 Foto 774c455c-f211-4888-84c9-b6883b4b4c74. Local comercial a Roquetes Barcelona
---
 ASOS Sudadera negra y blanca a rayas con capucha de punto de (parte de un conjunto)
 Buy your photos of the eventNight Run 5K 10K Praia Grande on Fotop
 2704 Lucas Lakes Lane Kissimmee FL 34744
---
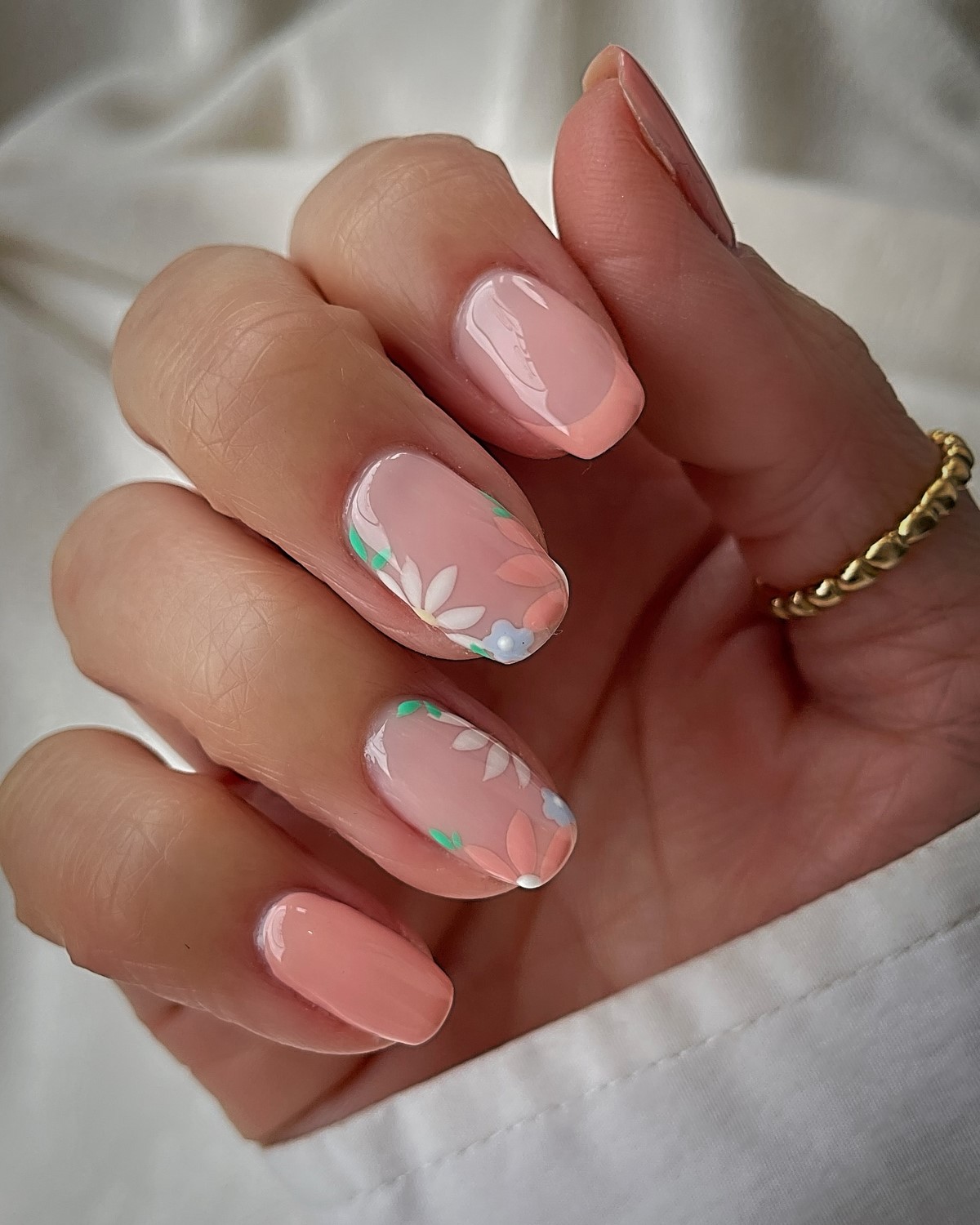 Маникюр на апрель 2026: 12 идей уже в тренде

● What you need to do
Retype, exactly and in full, the lines above from the one containing "ASOS Sudadera negra" through the one containing "2704 Lucas Lakes Lane Kissimmee FL 34744".

● Answer section
 ASOS Sudadera negra y blanca a rayas con capucha de punto de (parte de un conjunto)
 Buy your photos of the eventNight Run 5K 10K Praia Grande on Fotop
 2704 Lucas Lakes Lane Kissimmee FL 34744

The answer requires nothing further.